• _About this exercise_
Could you restate word for word every line of the records below, from the first one to the one holding "Other * | Louis"?

··· Data provided ···

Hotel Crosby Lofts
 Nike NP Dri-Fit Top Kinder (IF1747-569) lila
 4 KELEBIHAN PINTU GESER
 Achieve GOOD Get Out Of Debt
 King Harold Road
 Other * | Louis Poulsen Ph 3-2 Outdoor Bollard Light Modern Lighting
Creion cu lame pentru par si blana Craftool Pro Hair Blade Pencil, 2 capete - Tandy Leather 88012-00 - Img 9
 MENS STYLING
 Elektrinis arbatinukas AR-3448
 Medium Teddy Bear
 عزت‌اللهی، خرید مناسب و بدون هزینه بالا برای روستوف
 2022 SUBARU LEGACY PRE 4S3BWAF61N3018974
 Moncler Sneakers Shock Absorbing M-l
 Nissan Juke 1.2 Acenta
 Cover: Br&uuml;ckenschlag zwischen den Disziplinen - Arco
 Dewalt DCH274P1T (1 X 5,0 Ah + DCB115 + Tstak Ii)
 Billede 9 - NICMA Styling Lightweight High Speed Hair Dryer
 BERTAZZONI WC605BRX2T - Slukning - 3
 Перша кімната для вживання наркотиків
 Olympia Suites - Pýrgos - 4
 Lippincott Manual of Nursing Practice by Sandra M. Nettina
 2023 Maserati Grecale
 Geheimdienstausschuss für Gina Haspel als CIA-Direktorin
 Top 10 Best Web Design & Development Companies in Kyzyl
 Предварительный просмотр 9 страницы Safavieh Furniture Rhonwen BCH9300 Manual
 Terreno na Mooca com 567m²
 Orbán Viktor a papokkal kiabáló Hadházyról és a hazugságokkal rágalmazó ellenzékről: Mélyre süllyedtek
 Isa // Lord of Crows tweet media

···

• _Task answer_
Hotel Crosby Lofts
 Nike NP Dri-Fit Top Kinder (IF1747-569) lila
 4 KELEBIHAN PINTU GESER
 Achieve GOOD Get Out Of Debt
 King Harold Road
 Other * | Louis Poulsen Ph 3-2 Outdoor Bollard Light Modern Lighting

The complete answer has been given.